Is This Something?

Much like Letterman used to ask, “Is this anything?“,  clients often ask “Is this a trademark?” The answer to that depends on the answers to the following questions:

  1. Is whatever it is connected to the good or service being sold?  Will the customer see your product and the proposed mark together at the time they are buying the product?  If they can’t connect the two together, then no, it isn’t a trademark.
  2. Will the customer see the proposed trademark on the product at a later date and think, “Oh, the same people who made that last time must make this, too!” For example, they see your thing in Walgreens in Platteville then see it at Target in Green Bay, they will think “Yeah, I like that stuff from last time I had it. I’ll buy it again” and have confidence it came from the same source.  If instead, they think “Hmm, peanut butter.  This jar says its creamy, and that’s what I like. Chunky is the worst. Guess I’ll go with this one” and you thought “Creamy” was your mark, then no, it isn’t a trademark. It is a description of your product.
  3. Can people use the proposed mark to distinguish you among the sea of competitors?  Again, your customer is cruising the aisles looking for soap this time.  If all of the boxes of soap look the same, are they going to pick out yours? Or what if yours and someone else’s look awfully similar, are you sure they are putting yours in their cart instead of your competitor?  If you can’t help them distinguish (Go for the green box. Or the bottle has a giant D on it.), how do expect them to pick you? If they can’t use it to Pick Me! Pick Me!, then no, it isn’t a trademark.

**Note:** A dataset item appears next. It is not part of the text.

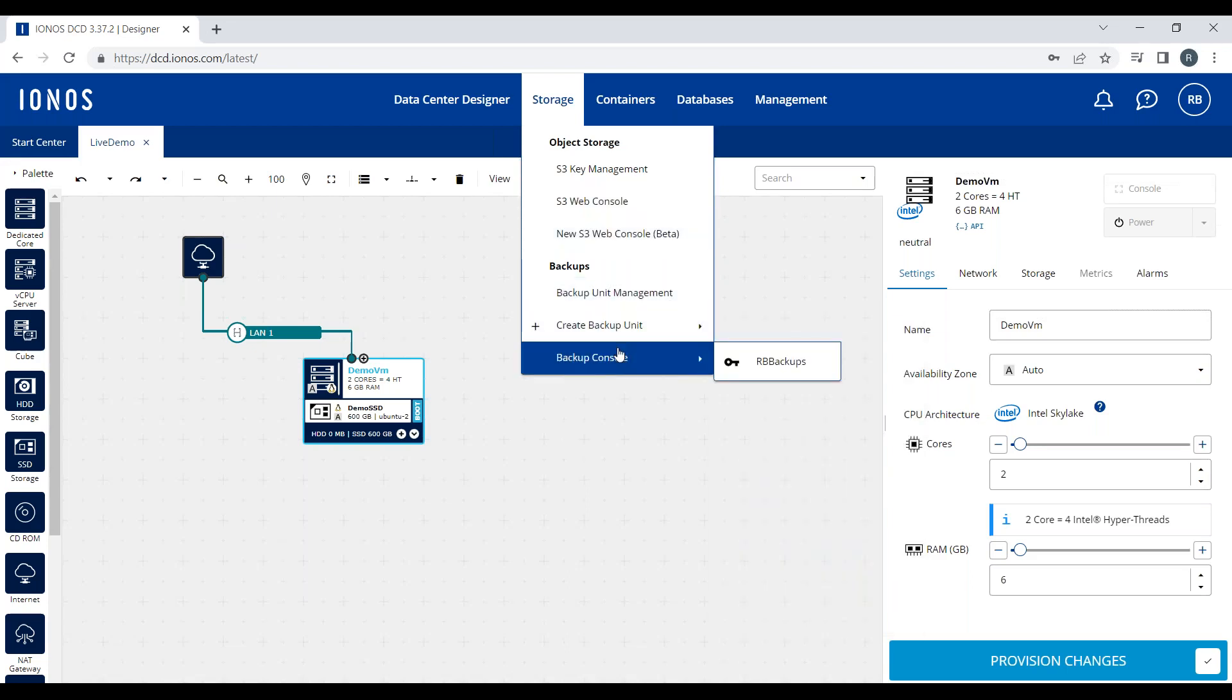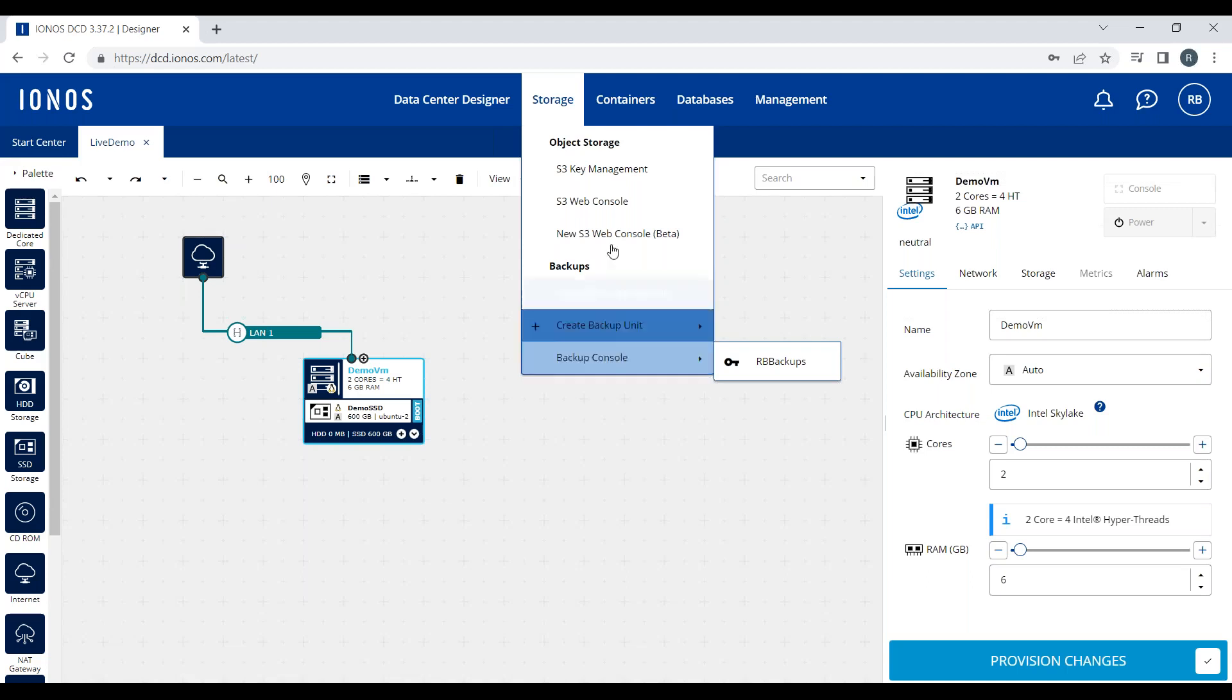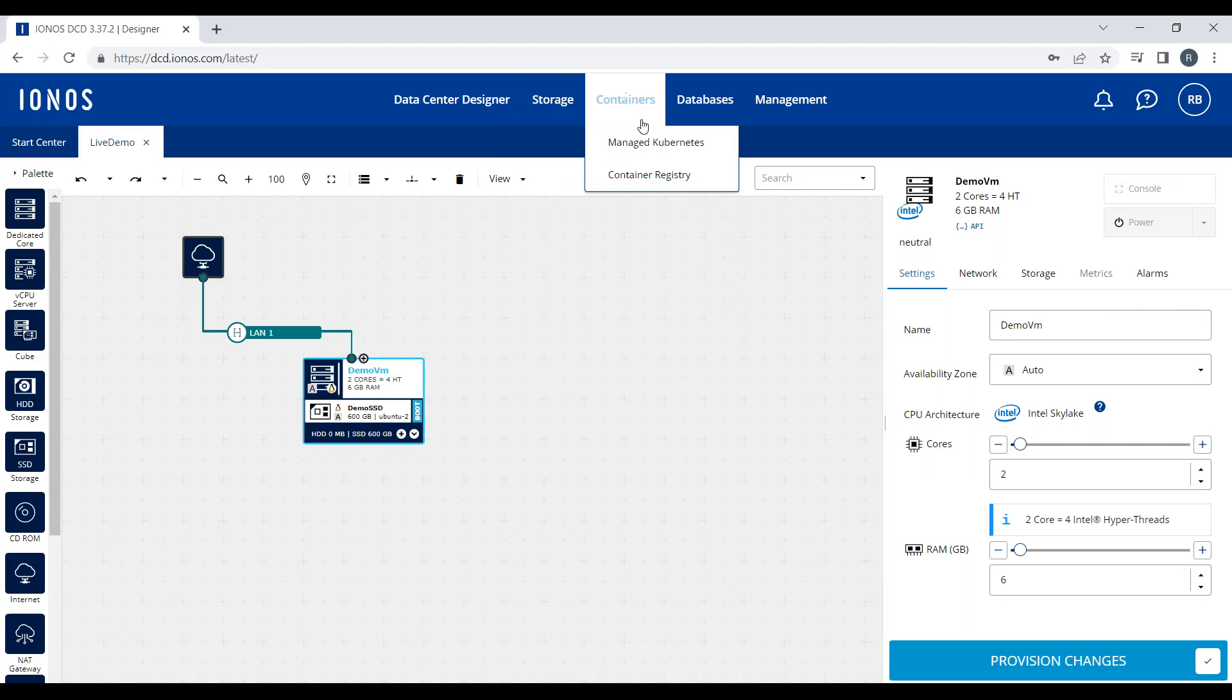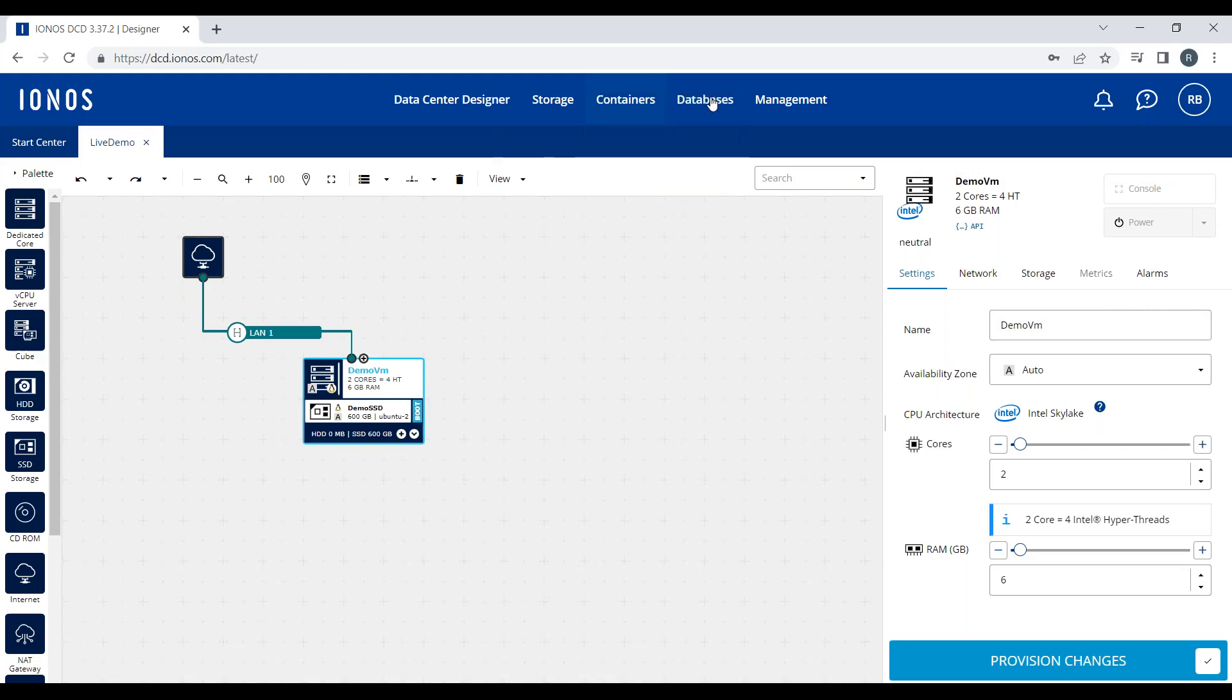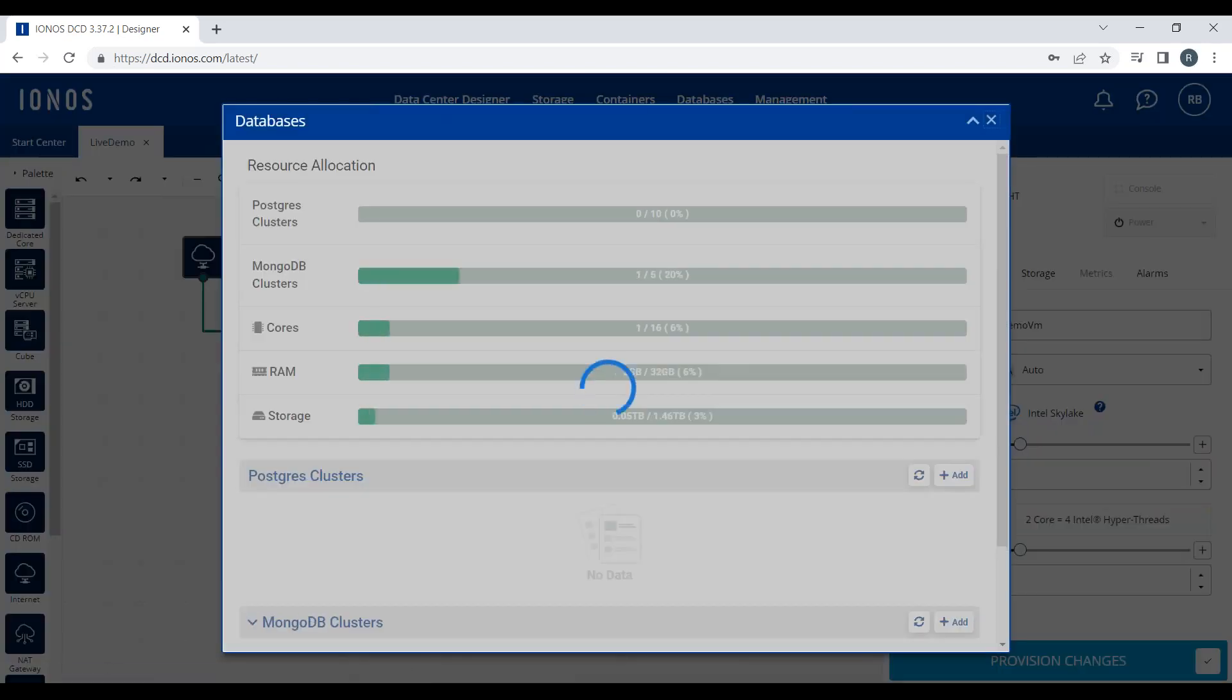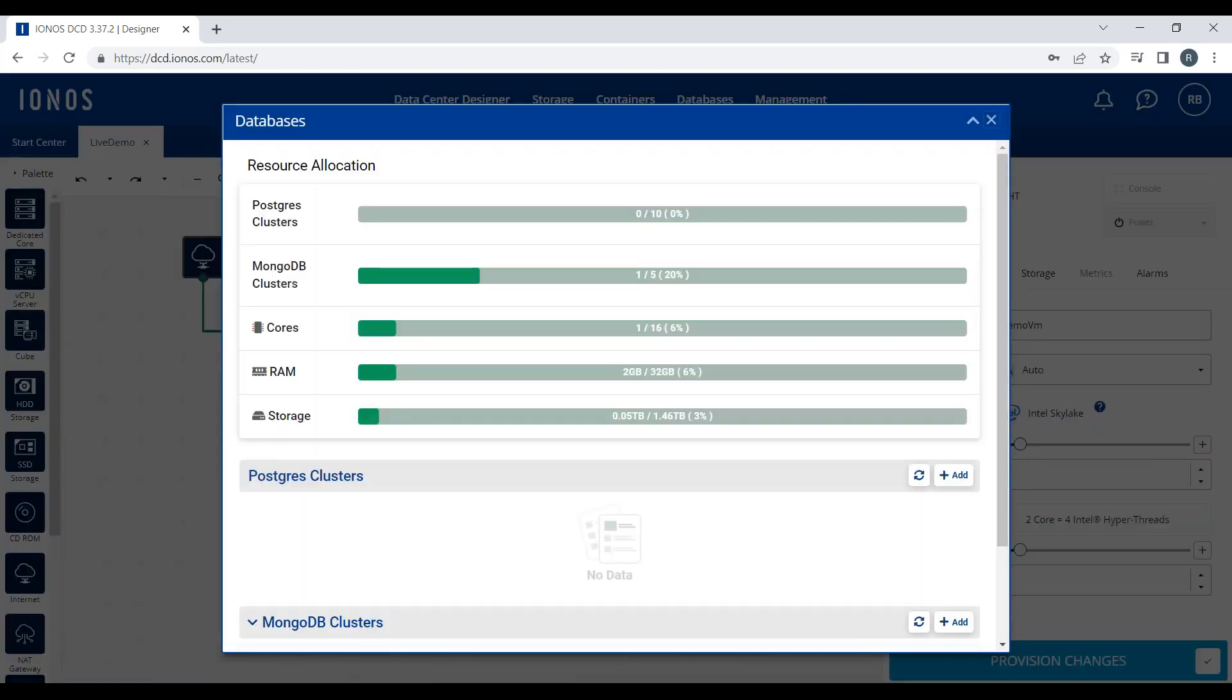A backup console where you can configure your backups, your retention period, your compression, what you want to back up and when for any machine you have a backup agent on. The container menu gives you access to any managed Kubernetes or container registries that you're using.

The fun part is that almost anything allowing those three things to occur can be a trademark.  It can be a color – when you see pink insulation, you think Owens Corning.  It can be a smell –  a chocolate scent at a jewelry store selling Le Vian diamonds.  Don’t forget the iconic shape of Coca-Cola bottle. Of course, logos, slogans and brand names work, too.

Whatever it is, it is what helps your customers call to their spouse while the spouse is at the store, tell them to pick up an item, and the spouse successfully accomplishes the task.  If that can happen, yeah, that’s something.